Steps for Success When Implementing PBL In Your Classroom

With the country’s adoption of the Next Generation Science Standards (NGSS), K–12 teachers are beginning to acknowledge that those cookie-cutter labs that they have so diligently written and conducted for the last decade no longer allow students the freedom and independence to master the science and engineering practices recommended by NGSS. We’ve spent our professional development hours learning how to read, navigate, and implement the Performance Expectations (PEs), Disciplinary Core Ideas (DCIs), Cross-Cutting Concepts (CCCs) and Science and Engineering Practices (SEPs) in our respective grade levels. We have spent our holidays thumbing through new curriculum ideas to add to our upcoming calendars.
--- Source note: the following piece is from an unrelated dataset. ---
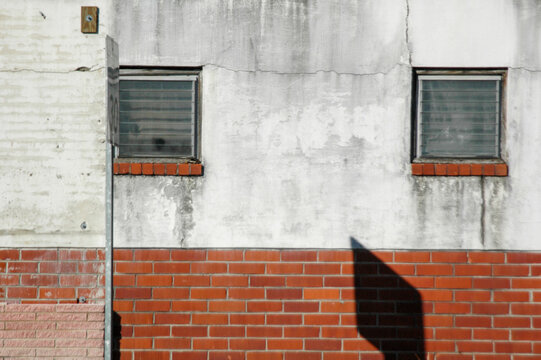 A facade with two plain windows on a weathered white concrete wall with a red brick base, a perfect example of the effects the weather have on the built environment. Good for post about urban decay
We’ve brainstormed innovative approaches which allow our students the ability to explore, plan, and carry out their own investigations.

NGSS is a three-dimensional approach to science education; it places equal value on not just the content delivered in our classrooms, but also the practices used by scientists and professionals in today’s workforce. It also brings into focus the value of the connections students make between science and their surrounding environment through CCCs. Assigning and implementing projects in your classroom is an ideal way for students to see this intertwining of information and skill.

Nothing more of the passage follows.